Description of the task: Some of the lines below need repeating. Reproduce exactly those between the lines holding "Bơi ếch có tăng" and "Appartement à VALS-LES-BAINS", inclusive.

Brief descriptive captions
╭──
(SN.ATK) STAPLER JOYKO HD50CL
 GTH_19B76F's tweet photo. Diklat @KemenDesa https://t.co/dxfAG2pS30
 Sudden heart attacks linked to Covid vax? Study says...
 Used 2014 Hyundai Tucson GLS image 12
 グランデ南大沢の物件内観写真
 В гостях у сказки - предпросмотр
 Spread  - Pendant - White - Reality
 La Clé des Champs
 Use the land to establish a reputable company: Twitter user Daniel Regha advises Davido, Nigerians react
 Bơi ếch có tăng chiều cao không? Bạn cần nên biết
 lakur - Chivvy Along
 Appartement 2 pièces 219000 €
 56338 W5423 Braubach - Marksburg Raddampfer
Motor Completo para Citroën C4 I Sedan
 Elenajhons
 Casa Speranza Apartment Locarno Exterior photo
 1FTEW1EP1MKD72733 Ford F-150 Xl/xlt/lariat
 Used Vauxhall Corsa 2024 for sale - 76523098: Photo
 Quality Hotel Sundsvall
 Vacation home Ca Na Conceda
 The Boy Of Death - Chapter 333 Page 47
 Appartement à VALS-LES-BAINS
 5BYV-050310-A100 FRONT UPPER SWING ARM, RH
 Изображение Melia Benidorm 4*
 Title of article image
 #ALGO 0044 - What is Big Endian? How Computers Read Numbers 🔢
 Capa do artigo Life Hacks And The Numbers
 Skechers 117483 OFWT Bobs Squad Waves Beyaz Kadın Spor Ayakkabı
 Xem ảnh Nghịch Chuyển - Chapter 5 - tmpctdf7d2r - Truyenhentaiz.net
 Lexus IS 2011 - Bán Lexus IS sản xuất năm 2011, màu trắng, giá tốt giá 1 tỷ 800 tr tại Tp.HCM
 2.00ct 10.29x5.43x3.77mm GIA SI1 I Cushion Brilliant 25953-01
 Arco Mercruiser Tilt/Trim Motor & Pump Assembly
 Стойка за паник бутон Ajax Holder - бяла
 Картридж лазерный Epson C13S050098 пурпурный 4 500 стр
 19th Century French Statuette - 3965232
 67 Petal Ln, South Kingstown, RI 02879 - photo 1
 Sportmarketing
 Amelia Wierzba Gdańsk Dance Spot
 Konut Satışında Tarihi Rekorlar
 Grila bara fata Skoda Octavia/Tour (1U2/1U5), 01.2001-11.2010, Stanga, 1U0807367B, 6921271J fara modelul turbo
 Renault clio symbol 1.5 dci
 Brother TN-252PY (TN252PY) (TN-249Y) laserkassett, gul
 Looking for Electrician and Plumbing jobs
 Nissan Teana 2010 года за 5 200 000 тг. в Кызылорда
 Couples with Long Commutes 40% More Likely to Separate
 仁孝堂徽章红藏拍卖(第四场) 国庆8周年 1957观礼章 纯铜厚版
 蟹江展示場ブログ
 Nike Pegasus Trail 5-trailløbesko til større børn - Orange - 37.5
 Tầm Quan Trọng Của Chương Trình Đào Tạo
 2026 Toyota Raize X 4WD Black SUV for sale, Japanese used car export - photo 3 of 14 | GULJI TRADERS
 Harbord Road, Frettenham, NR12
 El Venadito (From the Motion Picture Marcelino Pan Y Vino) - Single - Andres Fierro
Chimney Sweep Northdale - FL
╰──
Answer area:
 Bơi ếch có tăng chiều cao không? Bạn cần nên biết
 lakur - Chivvy Along
 Appartement 2 pièces 219000 €
 56338 W5423 Braubach - Marksburg Raddampfer
Motor Completo para Citroën C4 I Sedan
 Elenajhons
 Casa Speranza Apartment Locarno Exterior photo
 1FTEW1EP1MKD72733 Ford F-150 Xl/xlt/lariat
 Used Vauxhall Corsa 2024 for sale - 76523098: Photo
 Quality Hotel Sundsvall
 Vacation home Ca Na Conceda
 The Boy Of Death - Chapter 333 Page 47
 Appartement à VALS-LES-BAINS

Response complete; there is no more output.